The shape of shape_model_components is (48, 18018) and 18018 equal 6006*3, 6006 is the number of landmarks,
if it means that these 48 samples have 18018 eigenvectors? I'm not sure.

Best wishes.

Josh Williams · Answer 3 · Thu Nov 23 2023 17:08:21 GMT+0800 (China Standard Time)

Hi @fengyasi.

Thanks for sharing this. I was not aware of this library!

Here is what I think is happening from some quick checks just now:
Indeed when one does a singular value decomposition (np.linalg.svd(ssm_obj.landmarks_columns_scale)) this returns the eigenvectors as a (18018, 18018) array.
If we add the kwarg full_matrics=False (np.linalg.svd(ssm_obj.landmarks_columns_scale, full_matrices=False)), the components are an (48, 18018) array (which is the same shape as shape_model_components).

I can dig into it a bit more to understand tomorrow or the weekend perhaps.
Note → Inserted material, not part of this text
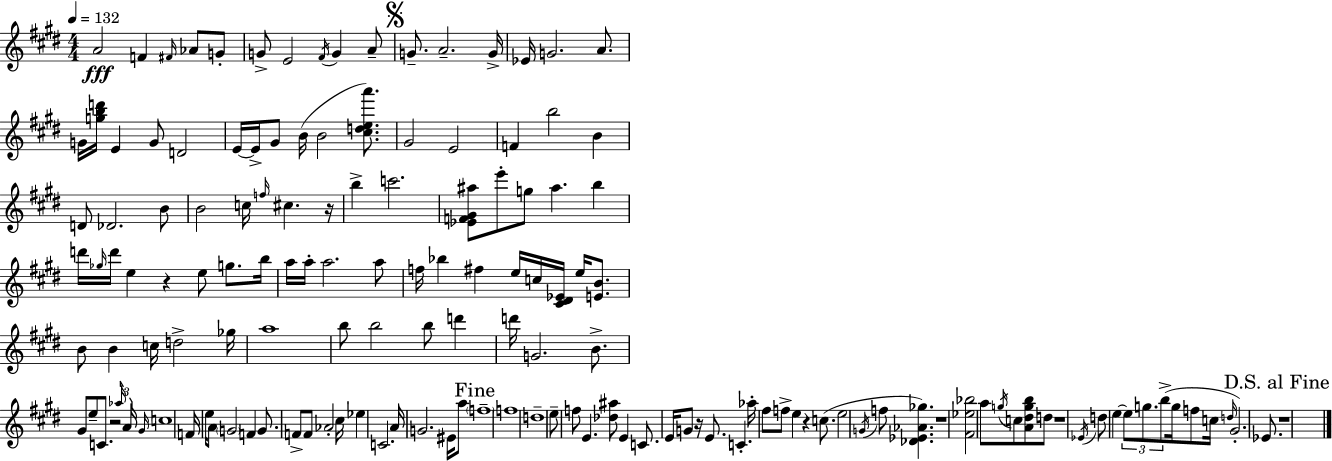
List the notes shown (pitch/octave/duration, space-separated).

A4/h F4/q F#4/s Ab4/e G4/e G4/e E4/h F#4/s G4/q A4/e G4/e. A4/h. G4/s Eb4/s G4/h. A4/e. G4/s [G5,B5,D6]/s E4/q G4/e D4/h E4/s E4/s G#4/e B4/s B4/h [C#5,D5,E5,A6]/e. G#4/h E4/h F4/q B5/h B4/q D4/e Db4/h. B4/e B4/h C5/s F5/s C#5/q. R/s B5/q C6/h. [Eb4,F4,G#4,A#5]/e E6/e G5/e A#5/q. B5/q D6/s Gb5/s D6/s E5/q R/q E5/e G5/e. B5/s A5/s A5/s A5/h. A5/e F5/s Bb5/q F#5/q E5/s C5/s [C#4,D#4,Eb4]/s E5/s [E4,B4]/e. B4/e B4/q C5/s D5/h Gb5/s A5/w B5/e B5/h B5/e D6/q D6/s G4/h. B4/e. G#4/e E5/e C4/e. R/h Ab5/s A4/s G#4/s C5/w F4/s E5/s A4/e G4/h F4/q G4/e. F4/e F4/e Ab4/h C#5/s Eb5/q C4/h. A4/s G4/h. EIS4/s A5/e F5/w F5/w D5/w E5/e F5/e E4/q. [Db5,A#5]/e E4/q C4/e. E4/s G4/e R/s E4/e. C4/q. Ab5/s F#5/e F5/e E5/q R/q C5/e. E5/h G4/s F5/e [Db4,Eb4,Ab4,Gb5]/q. R/w [F#4,Eb5,Bb5]/h A5/e G5/s C5/e [A4,D#5,G5,B5]/e D5/e R/w Eb4/s D5/e E5/q E5/e G5/e. B5/e G5/s F5/e C5/s D5/s G#4/h. Eb4/e. R/w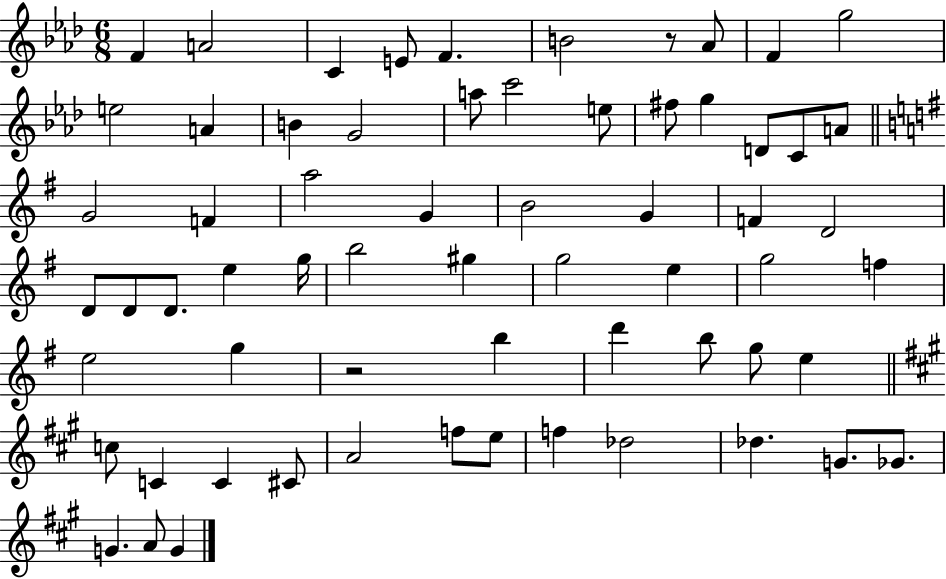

Maybe we will need to add the option to change this behaviour to use full SVD.

Josh

fengyasi · Answer 4 · Fri Nov 24 2023 09:27:19 GMT+0800 (China Standard Time)

Hi Josh:

I believe your method is faster because, unlike the method mentioned in my previous question, it does not require rigid and non-rigid registration. If you can modify your code and your feature vectors can capture the global morphological features, it would be a very attractive approach.

Thanks a lot.

Josh Williams · Answer 5 · Fri Nov 24 2023 16:15:28 GMT+0800 (China Standard Time)

Hi @fengyasi,

I will look into modifying it. Our code is faster because using np.linalg.svd with full_matrices=False is over 30x faster than with full_matrices=True.

Also, was this figure produced using pyssam or morphomatics? Looks very nice!

Josh

Josh Williams · Answer 6 · Fri Nov 24 2023 20:28:52 GMT+0800 (China Standard Time)

Hi @fengyasi

I have created a modified SSM example jupyter notebook to use SVD as done by np.linalg.svd. You can find this tutorial here (on the development branch). You will see the new functions numpy_pca(), reconstruct_with_svd() and morph_with_svd().

In this case, the eigenvector matrix has shape (18018, 18018). The singular values are obviously the same, so there is minimal change to the resultant modes. It seems the first mode is weighted heavier with the current sklearn.PCA.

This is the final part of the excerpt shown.